John’s not alone in expressing this view.  I’ve heard similar sorts of comments from companies of all different sizes– some of which were substantially larger than John’s suggested 100 person threshold.  But I think that change management is important regardless of what size you’re at, and it doesn’t have to remove any “flexibility” or “agility” from the organization.  Quite the contrary, appropriate change management should enable the organization to move more rapidly because it reduces failed changes an unplanned work that suck resources that could otherwise be more productively channeled.

The key word there is “appropriate”.  Of course the change management process in a 3-10 person start-up looks completely different from the process in a company with hundreds of employees.  In an early-stage start-up you’ve typically got a team of people working very closely together with laser focus on a single line of business.  You don’t tend to have the kind of “process flow control” issues that larger companies do, where you need change review meetings to balance competing priorities and competing schedule issues.

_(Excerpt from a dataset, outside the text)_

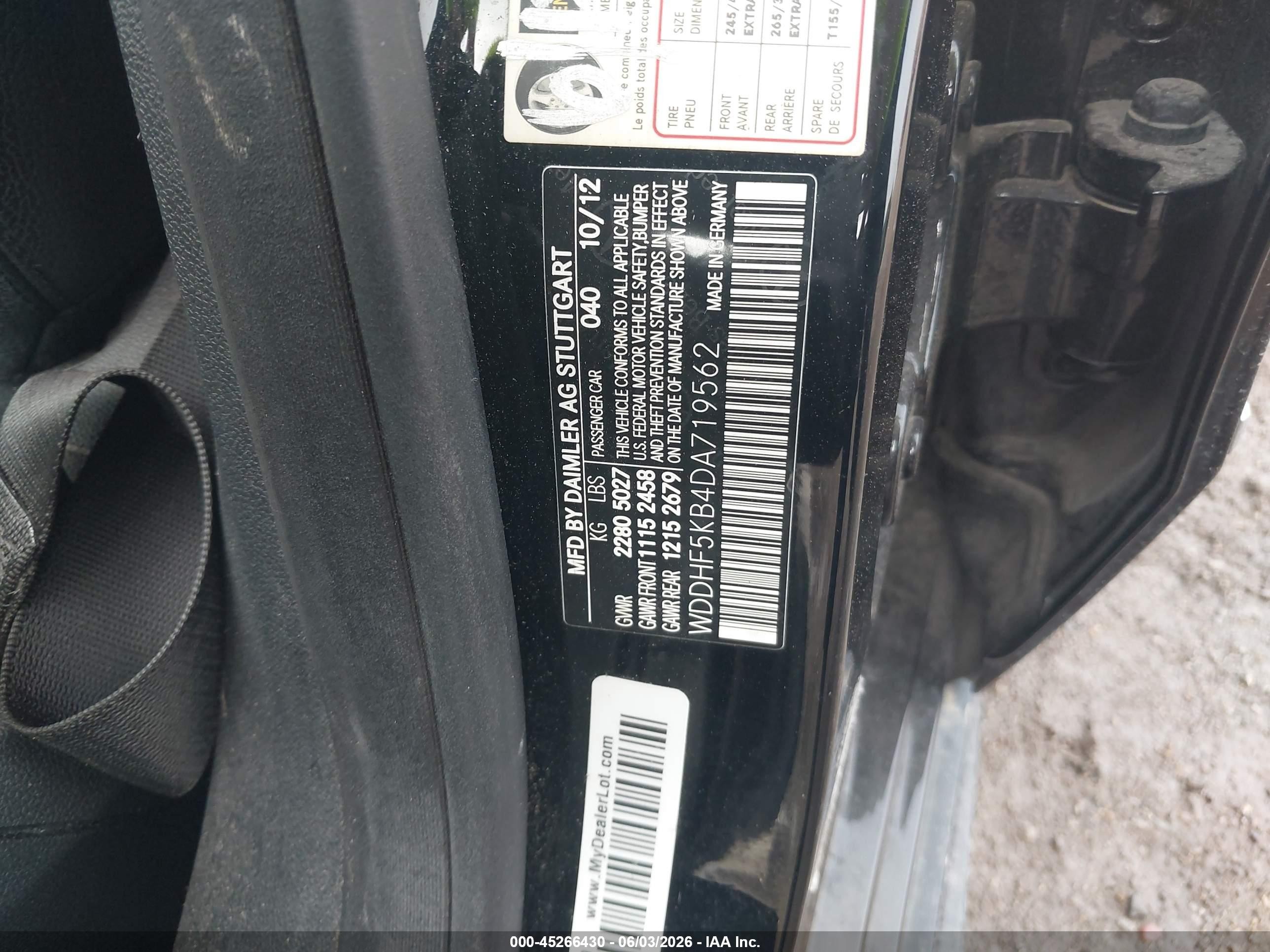 2013 Mercedes-benz E 350   Black vin: WDDHF5KB4DA719562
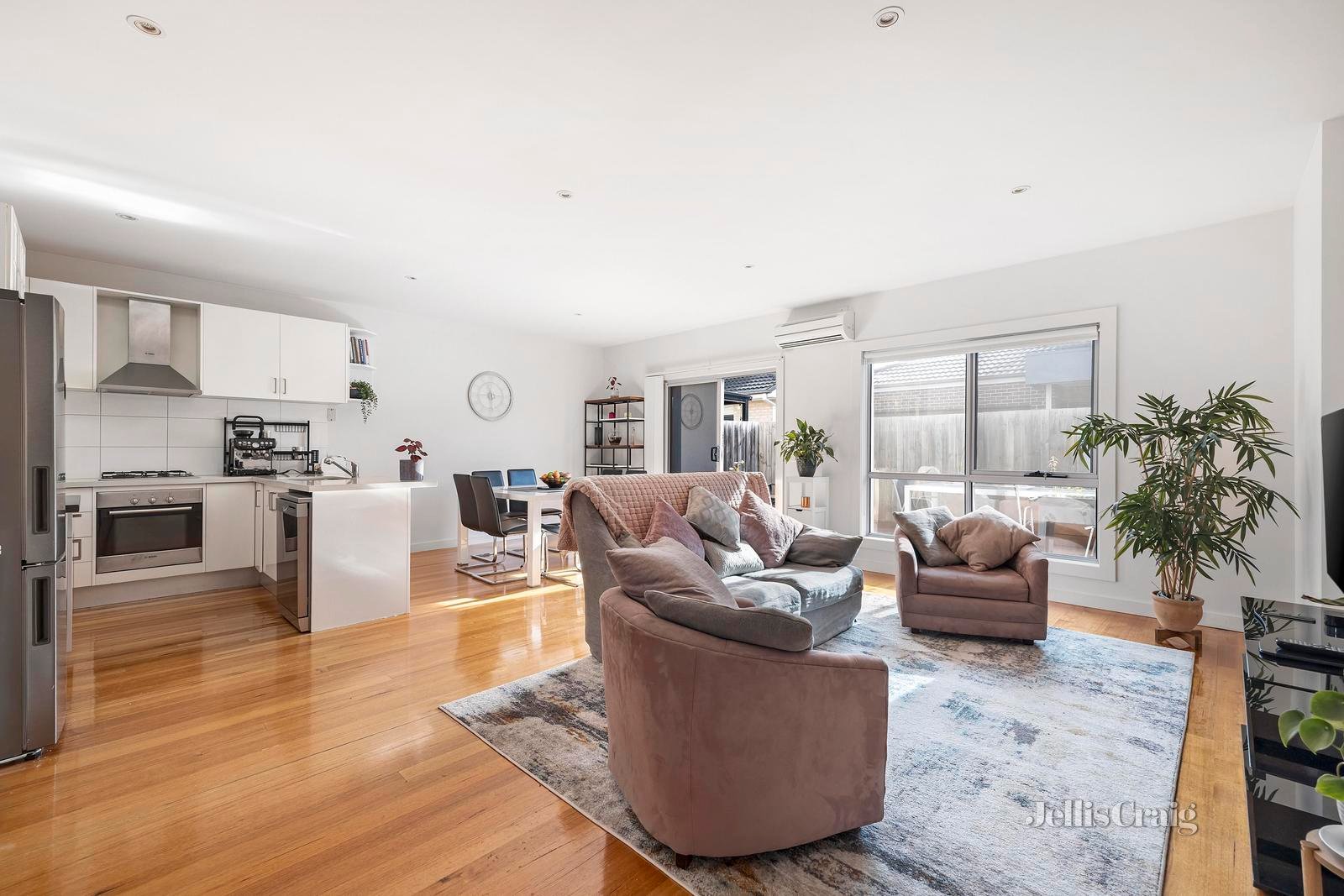 2/48 Blenheim Road, Newport image 2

But even three-person start ups need to make production changes thoughtfully and with rigor.  It’s easy to think “we know what we’re doing” and get yourself into a lot of trouble and cause a significant outage.  It doesn’t take that much longer to sit down and write a detailed implementation plan, have one of your co-workers review it, and then execute it (Hickstein’s, “Think, think, think, type, type, type, `beer’!”).  And the bonus is that history of implementation plans helps you when you need to grow your infrastructure, because now you have the documented list of configuration changes necessary to produce replicas of your existing systems.

Do I think a three-person start-up needs formal change control meetings?  Heck no!  If you have regular Engineering meetings, set aside a little time to mention scheduled production updates (if any) and solicit feedback.  If you don’t have regular meetings, set up an email alias where notices of production changes can be posted.  That way, at least everybody will be aware of the current state of affairs on the production systems (or can refer back to the archives as appropriate), which is critical information for them to know as they’re developing code for those platforms.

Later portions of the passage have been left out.